Roberts unseated a Republican lawmaker in an affluent Atlanta district in 2020, saying she was motivated to run after her daughter described an active shooter drill at school two weeks before the 2018 school massacre in Parkland, Florida.

"Things have only gotten worse since then," Roberts said.

Abrams wants universal background checks for private gun sales, red flag legislation to let guns be taken away from those who pose a danger to themselves and others, and to block someone who has had a gun removed under a protective order from buying another one.

Polling showed even many Republican-leaning voters felt Kemp and GOP state lawmakers went too far in making it legal to carry concealed guns without a permit, said University of Georgia political scientist Charles Bullock.

"It was not a tremendously popular idea even among Republican voters," Bullock said. "Arguably the legislature was listening only to the hardest of hardcore Republicans, and not where the average Republicans were on some of those issues."

But even if Abrams wins, she’s likely to face Republican majorities resistant to her proposals in Georgia’s legislature. Those majorities are backed by vocal groups opposed to any compromise.

"The people who really believe in their rights are going to believe in their rights, regardless," said Jerry Henry, executive director of the Georgia gun rights group GA2A.

Henry said he doubts Republicans would be willing to tighten Georgia’s laws. Such proposals would be viable only if Abrams "drags a whole bunch of Democrats into the General Assembly with her," Henry said. "And I’m not even sure all the Democrats will go along with her."

Carr says Abrams and his opponent for attorney general, Democrat Jen Jordan, have misread how Georgians feel about guns and protecting themselves from crime.

"They are out of touch with where Georgians are," Carr said. "It is a fundamental human need to be safe and secure."
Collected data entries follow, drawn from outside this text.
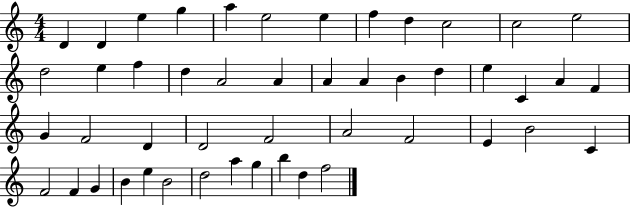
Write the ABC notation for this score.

X:1
T:Untitled
M:4/4
L:1/4
K:C
D D e g a e2 e f d c2 c2 e2 d2 e f d A2 A A A B d e C A F G F2 D D2 F2 A2 F2 E B2 C F2 F G B e B2 d2 a g b d f2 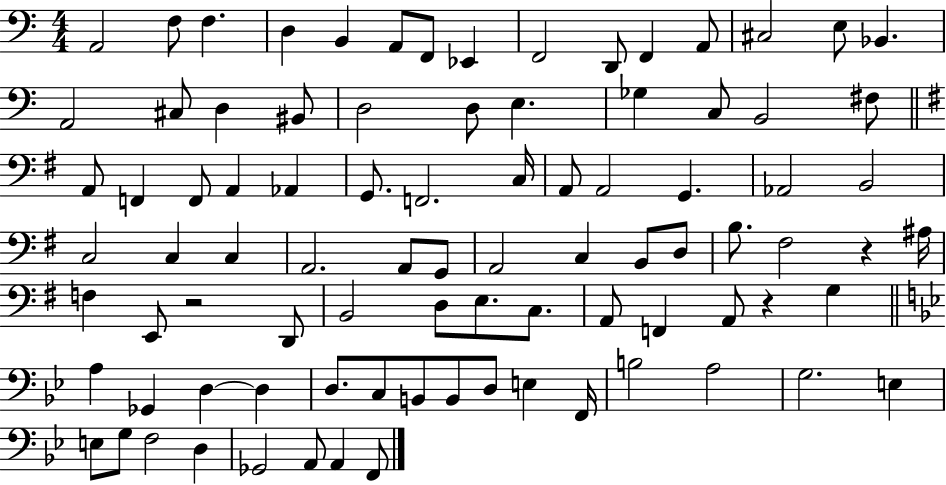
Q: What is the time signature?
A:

Abrams wants to reconstitute a criminal justice reform council that authored multiple reforms when Republican Nathan Deal was governor. Sara Totonchi, policy director for the Abrams campaign, said Abrams would direct the group to "take a hard look at violent crime, why it happens and what we can do to address it at the source."

Abrams proposes intervening in schools and with families to prevent violence and expanding job training and opportunities. She wants to convert some low-level traffic and drug crimes into civil offenses. And she wants a "clean slate" law that would automatically clear criminal records if someone doesn’t reoffend in a set period of time.
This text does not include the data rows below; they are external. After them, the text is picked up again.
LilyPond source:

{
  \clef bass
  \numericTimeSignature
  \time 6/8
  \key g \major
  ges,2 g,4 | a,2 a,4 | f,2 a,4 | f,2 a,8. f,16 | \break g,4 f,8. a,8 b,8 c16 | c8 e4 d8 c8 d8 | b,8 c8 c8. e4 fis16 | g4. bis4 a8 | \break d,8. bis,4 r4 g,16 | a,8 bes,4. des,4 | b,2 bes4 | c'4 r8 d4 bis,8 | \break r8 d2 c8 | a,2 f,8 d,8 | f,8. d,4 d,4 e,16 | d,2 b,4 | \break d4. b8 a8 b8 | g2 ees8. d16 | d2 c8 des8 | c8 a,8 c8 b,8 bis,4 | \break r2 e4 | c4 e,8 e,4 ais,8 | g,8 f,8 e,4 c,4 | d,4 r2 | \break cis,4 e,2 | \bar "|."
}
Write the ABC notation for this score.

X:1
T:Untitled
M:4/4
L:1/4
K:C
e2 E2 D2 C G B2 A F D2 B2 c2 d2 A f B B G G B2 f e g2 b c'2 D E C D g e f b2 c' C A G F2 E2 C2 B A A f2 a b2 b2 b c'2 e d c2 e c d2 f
Republican National Committee spokesperson Garrison Douglas derided the clean slate proposal as "felony-b-gone," saying it was further proof that Abrams is soft on crime. Republicans have already been attacking Abrams for being a board member of the Seattle-based Marguerite Casey Foundation, saying the group is in favor of defunding or abolishing the police.

Kemp, in turn, is under Democratic attack for taking $50,000 in campaign contributions from Daniel Defense, the Georgia-based company that made the rifle used in the Uvalde, Texas, school attack.

Abrams’ crime plan is the third in a series of aggressive moves aimed at turning the tables on issues Kemp has championed. After Kemp extended a temporary gas tax holiday into July, Abrams called on Kemp to extend it for the rest of the year. Kemp delivered on a signature $5,000 pay raise for teachers; Abrams responded by calling for an additional $11,000 average raise for teachers.

The question, Bullock said, is whether guns and other social issues will motivate voters in a campaign where Republicans will likely focus on the economy, with Kemp taking credit for economic development projects while the GOP hammers Democrats over inflation.

Because Kemp is now an incumbent in his electoral rematch with Abrams, "she arguably has a more challenging task this time than she did four years ago," Bullock said. "So she’s got to try to neutralize with issues that might overcome the economic message the governor’s going to be pushing."